=== Required work ===
Nothing but the lines from the one with "Nina Nguyen Coral" through the final line of the entries below should be written out, each exactly as given.

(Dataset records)
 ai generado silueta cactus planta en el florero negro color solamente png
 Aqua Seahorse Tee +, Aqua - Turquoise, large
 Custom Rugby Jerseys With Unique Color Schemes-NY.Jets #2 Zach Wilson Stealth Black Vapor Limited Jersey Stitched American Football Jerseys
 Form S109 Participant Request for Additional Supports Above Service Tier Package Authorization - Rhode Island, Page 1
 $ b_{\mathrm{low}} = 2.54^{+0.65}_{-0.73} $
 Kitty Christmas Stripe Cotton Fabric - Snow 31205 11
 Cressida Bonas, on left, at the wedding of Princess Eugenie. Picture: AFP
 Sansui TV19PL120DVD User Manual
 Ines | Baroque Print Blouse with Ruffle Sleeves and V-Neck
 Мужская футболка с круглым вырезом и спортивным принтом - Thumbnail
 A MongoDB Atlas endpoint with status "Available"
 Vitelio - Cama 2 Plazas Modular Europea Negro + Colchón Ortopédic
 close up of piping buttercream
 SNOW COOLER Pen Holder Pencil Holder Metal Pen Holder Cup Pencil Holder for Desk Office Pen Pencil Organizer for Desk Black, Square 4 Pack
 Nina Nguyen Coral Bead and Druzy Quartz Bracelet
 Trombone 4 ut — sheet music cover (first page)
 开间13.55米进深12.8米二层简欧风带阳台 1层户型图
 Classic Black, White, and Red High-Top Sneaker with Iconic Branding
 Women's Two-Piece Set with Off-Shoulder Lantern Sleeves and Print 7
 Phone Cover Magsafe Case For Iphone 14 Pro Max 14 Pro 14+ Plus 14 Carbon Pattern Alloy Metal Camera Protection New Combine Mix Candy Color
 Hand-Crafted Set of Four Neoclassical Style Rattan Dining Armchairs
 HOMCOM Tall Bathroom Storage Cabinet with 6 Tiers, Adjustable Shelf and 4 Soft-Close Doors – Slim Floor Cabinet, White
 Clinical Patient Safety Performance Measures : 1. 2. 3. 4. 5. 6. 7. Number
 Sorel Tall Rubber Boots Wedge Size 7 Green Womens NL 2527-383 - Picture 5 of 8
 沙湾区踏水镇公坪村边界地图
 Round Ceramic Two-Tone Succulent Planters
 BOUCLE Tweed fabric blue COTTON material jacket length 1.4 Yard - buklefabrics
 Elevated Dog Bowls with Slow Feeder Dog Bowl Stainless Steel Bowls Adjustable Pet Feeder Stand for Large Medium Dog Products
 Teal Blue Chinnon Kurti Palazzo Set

=== Response to this task ===
 Nina Nguyen Coral Bead and Druzy Quartz Bracelet
 Trombone 4 ut — sheet music cover (first page)
 开间13.55米进深12.8米二层简欧风带阳台 1层户型图
 Classic Black, White, and Red High-Top Sneaker with Iconic Branding
 Women's Two-Piece Set with Off-Shoulder Lantern Sleeves and Print 7
 Phone Cover Magsafe Case For Iphone 14 Pro Max 14 Pro 14+ Plus 14 Carbon Pattern Alloy Metal Camera Protection New Combine Mix Candy Color
 Hand-Crafted Set of Four Neoclassical Style Rattan Dining Armchairs
 HOMCOM Tall Bathroom Storage Cabinet with 6 Tiers, Adjustable Shelf and 4 Soft-Close Doors – Slim Floor Cabinet, White
 Clinical Patient Safety Performance Measures : 1. 2. 3. 4. 5. 6. 7. Number
 Sorel Tall Rubber Boots Wedge Size 7 Green Womens NL 2527-383 - Picture 5 of 8
 沙湾区踏水镇公坪村边界地图
 Round Ceramic Two-Tone Succulent Planters
 BOUCLE Tweed fabric blue COTTON material jacket length 1.4 Yard - buklefabrics
 Elevated Dog Bowls with Slow Feeder Dog Bowl Stainless Steel Bowls Adjustable Pet Feeder Stand for Large Medium Dog Products
 Teal Blue Chinnon Kurti Palazzo Set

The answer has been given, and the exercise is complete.